Can't create batches with torchtext for language modelling

sammo · August 10, 2018, 9:33am

Hi everyone,

I am attempting to do seq2seq translation, and wanted to learn how to use torch text.

I am trying to load some text from a file into a single torchtext dataset and then create an iterator for it, but am only getting one big batch returned when I try to iterate.

My code:

spacy_fr = spacy.load('fr')

def tokenize_fr(text):
    return [tok.text for tok in spacy_fr.tokenizer(text)]
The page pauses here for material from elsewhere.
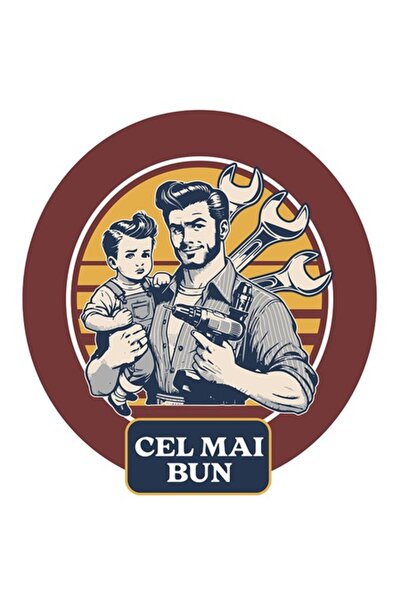 OEM Autocolant Tată și Fiu Muncitori Burghiu „Cel mai bun”, Dragoste de Famil...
FR_TEXT = data.Field(lower=True, tokenize=tokenize_fr, init_token='<sos>', eos_token='<eos>')

fm = LanguageModelingDataset("french.txt", FR_TEXT)
FR_TEXT.build_vocab(fm)
fm_iter = data.Iterator(fm, batch_size=10)
iteration = next(iter(fm_iter))

And when I run print(iteration) I get:

Variable containing:
2
131
40
⋮
4
3
3
[torch.cuda.LongTensor of size 1462273x1 (GPU 0)]

(additional info: The “french.txt” file contains 155000 lines of text separated by newline characters.)

My understanding is that I should have 10 batches, but I only get one long one. Have been racking my brain over this for ages, examining the source code, can anyone tell me what I am doing wrong?

Thank you!